Don’t get me wrong. Tattoos can look good if done well and with skill and artistry. Unfortunately, that’s pretty rare.
But for my money, they look awkward. If you haven’t sailed around Cape Horn, or at least around Land’s End, haven’t scored a try for the All Blacks, aren’t a third generation yakuza or haven’t shot a man in Reno and done the time afterwards, then a tattoo is wrong.
Most of them, the ones that are painfully on show through the summer months when clothing is generally on the more revealing side, look plain stupid to this old fart’s eyes. Maybe a wee fairy or a cool dragon look good on a teenage shoulder or thigh, but how’s it going to look when that shoulder is in its fifties or beyond? How about the abstract faux-Celtic pattern over the small of the back so popular with young ladies and known in this manor as a Tramp Stamp? They look sweet when new, but a pregnancy or two can turn them into a tangle of barbed wire.
Most of them seem to be picked out of the catalogue everyone else is making a choice from, so getting a tat becomes a way of showing your individuality by looking the same as everyone else.
Sorry, kids. What looks unbelievably cool when you’re nineteen is going to look painful when you’re thirty and colossally embarrassing as you hit fifty. Maybe only people over a certain age should indulge in indelible decoration? That’s on the basis that the younger generation lacks foresight, judgement and experience to make a rational judgement on whether or not that amazingly supercool dragon on your shoulder is going to be just as impressive in 2041 as it was when you picked it out of the catalogue?

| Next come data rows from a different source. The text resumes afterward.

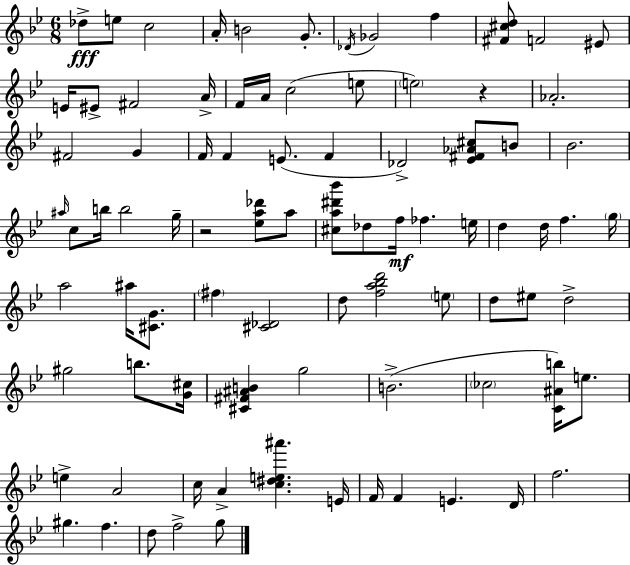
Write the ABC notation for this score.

X:1
T:Untitled
M:6/8
L:1/4
K:Gm
_d/2 e/2 c2 A/4 B2 G/2 _D/4 _G2 f [^F^cd]/2 F2 ^E/2 E/4 ^E/2 ^F2 A/4 F/4 A/4 c2 e/2 e2 z _A2 ^F2 G F/4 F E/2 F _D2 [_E^F_A^c]/2 B/2 _B2 ^a/4 c/2 b/4 b2 g/4 z2 [_ea_d']/2 a/2 [^ca^d'_b']/2 _d/2 f/4 _f e/4 d d/4 f g/4 a2 ^a/4 [^CG]/2 ^f [^C_D]2 d/2 [fa_bd']2 e/2 d/2 ^e/2 d2 ^g2 b/2 [G^c]/4 [^C^F^AB] g2 B2 _c2 [C^Ab]/4 e/2 e A2 c/4 A [c^de^a'] E/4 F/4 F E D/4 f2 ^g f d/2 f2 g/2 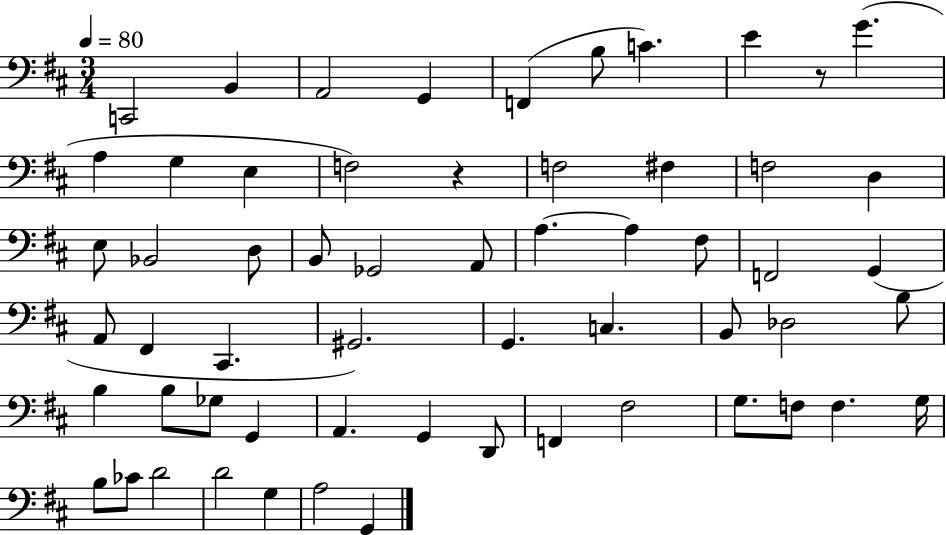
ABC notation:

X:1
T:Untitled
M:3/4
L:1/4
K:D
C,,2 B,, A,,2 G,, F,, B,/2 C E z/2 G A, G, E, F,2 z F,2 ^F, F,2 D, E,/2 _B,,2 D,/2 B,,/2 _G,,2 A,,/2 A, A, ^F,/2 F,,2 G,, A,,/2 ^F,, ^C,, ^G,,2 G,, C, B,,/2 _D,2 B,/2 B, B,/2 _G,/2 G,, A,, G,, D,,/2 F,, ^F,2 G,/2 F,/2 F, G,/4 B,/2 _C/2 D2 D2 G, A,2 G,,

Then there’s the lettering. One acquaintance of mine thought he had his daughters’ names etched lovingly on one shoulder in elegant Kanji, only to find out when he finally met a native Japanese speaker that he in fact had the name of prominent suppliers of household white goods engraved on his back.
Come on, people, learn some sense, will you? Trusting someone who doesn’t have a command of any language but his own to put something on your skin for ever in Chinese, Japanese, Urdu or Sanskrit is as smart as taking at face value someone emailing you out of the blue with an offer of an unwanted $10 million that happened to be lying around.
This stuff is permanent. It stays there until long after you’re dead, and that might be a long, long time. That’s unless you want to go for the very expensive laser treatment to have those symbols of youthful idiocy removed. Bart Simpson did it. Well, he was in Tijuana with Krusty, and I gather that’s standard practice for anyone visiting Tijuana. Remind me to keep clear of Tijuana.
In fact, I’m reliably informed by the neighbourhood Simpsons guru that Bart actually got himself tattooed twice, and also that Sideshow Bob has a tattoo that reads ‘Die, Bart, Die’ on his chest.
Then there’s the more sinister stuff like scarring and branding, and the ironmongery… That’s different in that it can be taken out and eventually the holes in your ears/nose/eyebrows/lip/navel/nipples/ or wherever further south will grow out; should grow out. It depends how big the holes are and how long they’ve been there.
Again, not smart. A bone through your nose is as good as a flashing neon sign on your forehead explaining that no, the wearer isn’t likely to be über-reliable. There’s no guarantee that’s the case, and it’s our conditioning that makes us think this way with an innate suspicion of those who don’t look like us. It’s unfortunate, as characters who go in for being a little different are often the genuinely interesting ones.
As a seafarer, I should have as much right as any to have a gold hoop in one ear. The theory was that if a man was lost at sea and his body should be washed up somewhere, then the gold in one ear would cover the cost of burial in some distant land. In reality, it’s to do with balance. An imbalance between the ears can affect the workings inside and help some people with seasickness, although it’s a tenuous theory.
But as a writer’s device, tats and piercings are a gift. Where would Lisbeth Salander be without her ink and studs? Want to give someone sinister a past? A swallow on one hand. A tongue stud or a neck tattoo, especially if it has a spelling mistake in it, can cast your characters as effectively as any dialogue. Need to identify that murdered villain? Brilliant, a teenage sweetheart’s blurred name on one arm will do the trick nicely.
So maybe we’ll keep the ink and the ironmongery. Just not for me, thanks, even in Tijuana.